THOUGHTS ON: Life As The Single Girl

"So, Anna, are you seeing anyone at the moment?"

This is a question that crops up somewhat regularly; on this occasion, it was my grandmother asking. My answer was brief and varied little from any other time I am asked this. "Not at the moment, Nanny."

While my grandmother may have been asking with the most innocent of intents, I have found myself growing increasingly tense each time a friend, family member or colleague makes this same query. It is perfectly possible that every one of these individuals only seeks to make conversation, but I've come to realise that there may be something larger and even harmful at play here. Today I'd like to highlight the sexism I see lurking under the surface of this seemingly simple question.

The truth is that I now see being single as something I have to justify and almost apologise for. It is as if being in a relationship is seen as the "default" and being single is some kind of weird error; a blip in the system.

Think of the difference between the way we see the words "girlfriend" and "wife" versus how we feel about the term "spinster". Girlfriend and wife, though heavy with gendered baggage in their own right, lack the subtext of loneliness and sadness that we visualise when we hear the word spinster.

Compare this too with the fun, roguish stereotype of the spinster's historical male equivalent, the bachelor; somehow the female version engenders images of sad women at home with a multitude of cats, while the male term carries a sense of youth and sexual freedom. Why on earth should this be the case?

In fact I have realised that I began internalising this aversion to female singlehood from an early age. In both the fairy tale Disney films I devoured as a child and the sitcoms I loved as a teenager, the single girl was painted a sad, solitary figure, whose experience little resembles my time as a single woman. The princesses I loved (Snow White, Cinderella, Jasmine, Sleeping Beauty) only found happiness and an escape from their difficult pasts by earning the love of a man. The female characters in the sitcoms I adored got off no better, and were often to hate being single (think Elliott Reed of Scrubs, Rachel from Friends, Grace in Will & Grace). The subtext of all these portrayals regularly implied that if a girl was single, she was not truly happy.  Rather, she was waiting for her true love to sweep in and rescue/marry/complete her, and only then would she find total happiness.

Even Sex and the City, widely loved and celebrated for its portrayal of four happily single women, focused almost in its entirety on the group's quest to find men. Particularly in its earliest seasons, the four protagonists were seldom shown as being truly comfortable living life without some degree of male attention. Instead, singlehood was often shown as simply the time spent between male partners; either nursing wounds from the last, or going all out to woo the next. This could well be put down to the show being a product of its era, perhaps, but I still think it is a crying shame that the biggest female-led sitcom of all time was so obsessed with men.

I think, too, of how quickly our society calls into question women who are not obviously interested in attracting male attention. Growing up I heard on numerous occasions of various women rejecting various men (both on and off screen) and noticed how quickly the assumption was made that the woman must be gay... As if rejecting one man is somehow the same as rejecting all men.

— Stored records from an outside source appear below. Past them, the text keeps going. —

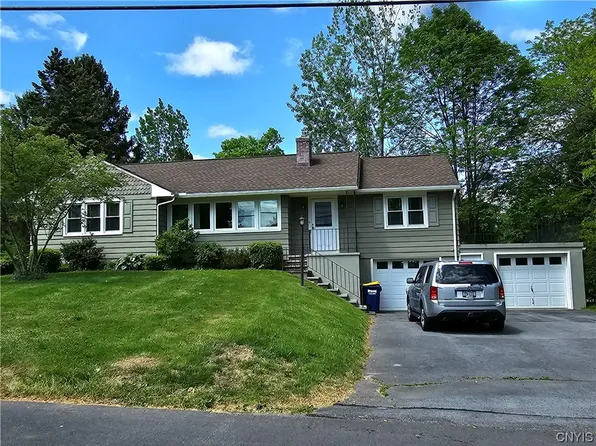 13 Colony Cir, Camillus, NY 13031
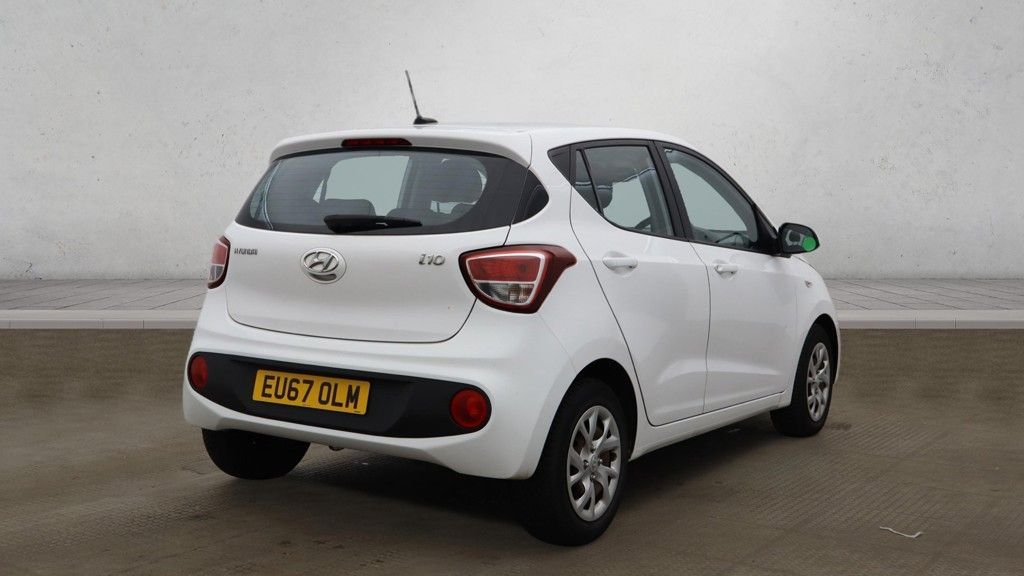 Used Hyundai i10 2017 for sale - 77557854: Photo 4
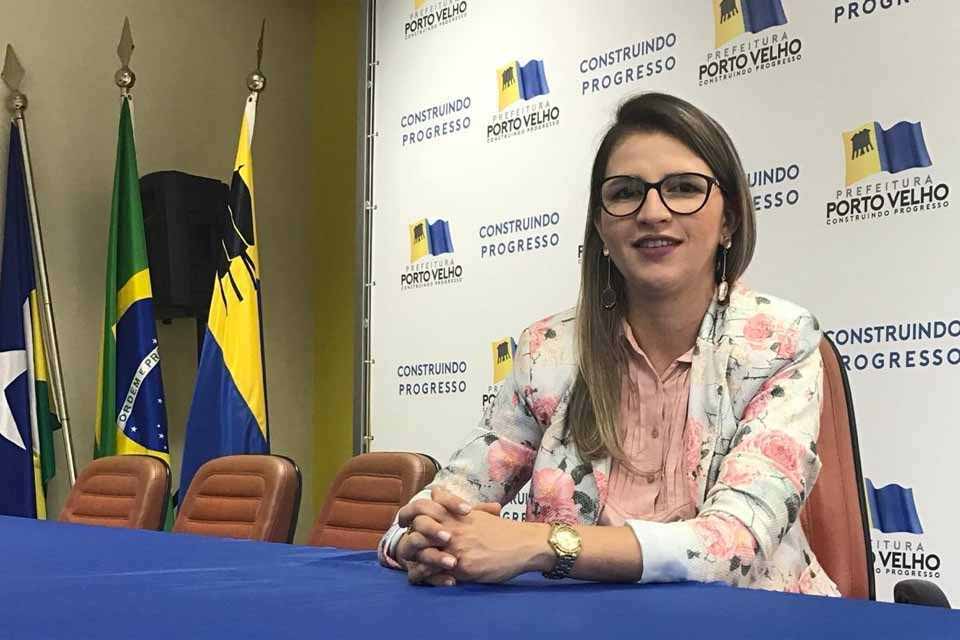 Câmara de Porto Velho concede Título de Cidadã Honorária à professora Gláucia Negreiros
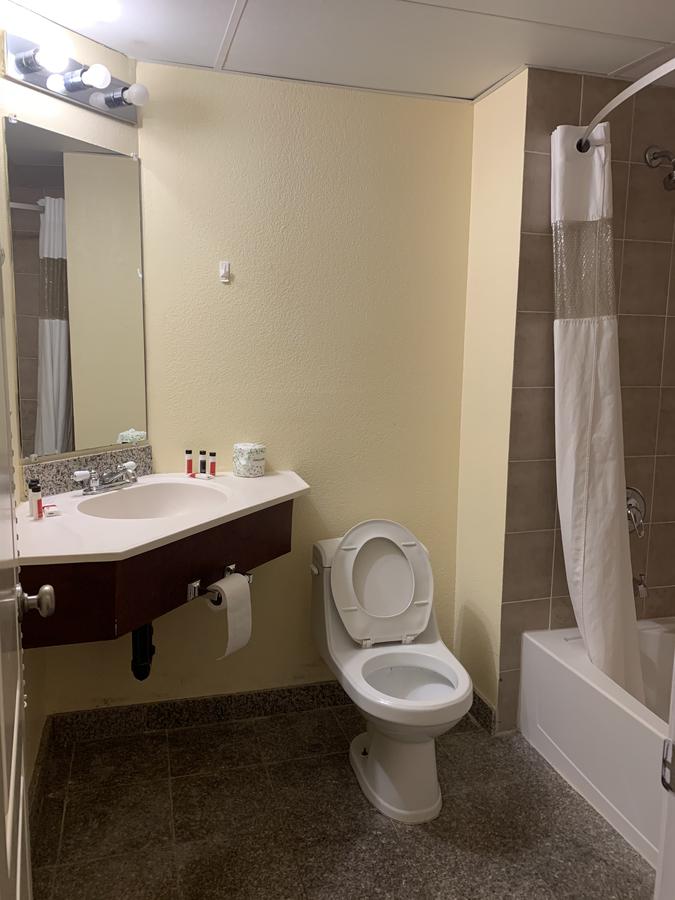 Travelodge By Wyndham Windsor Locks - thumb 3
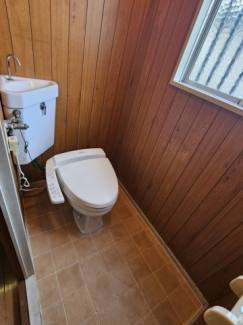 窓のあるおトイレ。床はテラコッタのクッションフロアで張り替えました。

This is problematic for a number of reasons; firstly, it belittles the choices of gay women everywhere, implying that lesbian relationships are based on hatred for men rather than love for women. Secondly, it encourages the notion that the woman in question has an issue with all men, even when she is rejecting one individual who has treated her poorly. In fact, while writing this essay, I've begun to wonder how much idea that male desire should be the ultimate goal for all straight women (and ideally all gay women too, for that matter) feeds into the idea of rape culture. My initial thoughts are hugely so.

It's taken me a long while to share this post with you; I've deleted it, re-written it, scheduled it and then cancelled it on numerous occasions, all because I was so scared what sharing on this subject would say about me... To be perfectly frank with you, I was afraid I'd be dismissed as just another sad single girl. Only when a friend pointed out the irony of this to me did I feel I could finally hit "Publish".

Lastly, I've chatted with a fair few of my friends about how damaging the shaming of female singledom can be. I've known of so many beautiful, brilliant, bright girls who stay in unhappy relationships for seemingly no reason; who turn to Tinder even after finding it didn't work for them; who go through heartbreak over guys who are not the gods they believe them to be. I don't think that all of these situations arise solely because we are cultured to avoid being single, but I do think that pressuring girls to find a man and settle plays a part in this pain.

I'm so, so curious - what do you make of this topic? My fellow single ladies - do you feel shamed about your single status too? I am so eager to hear your thoughts!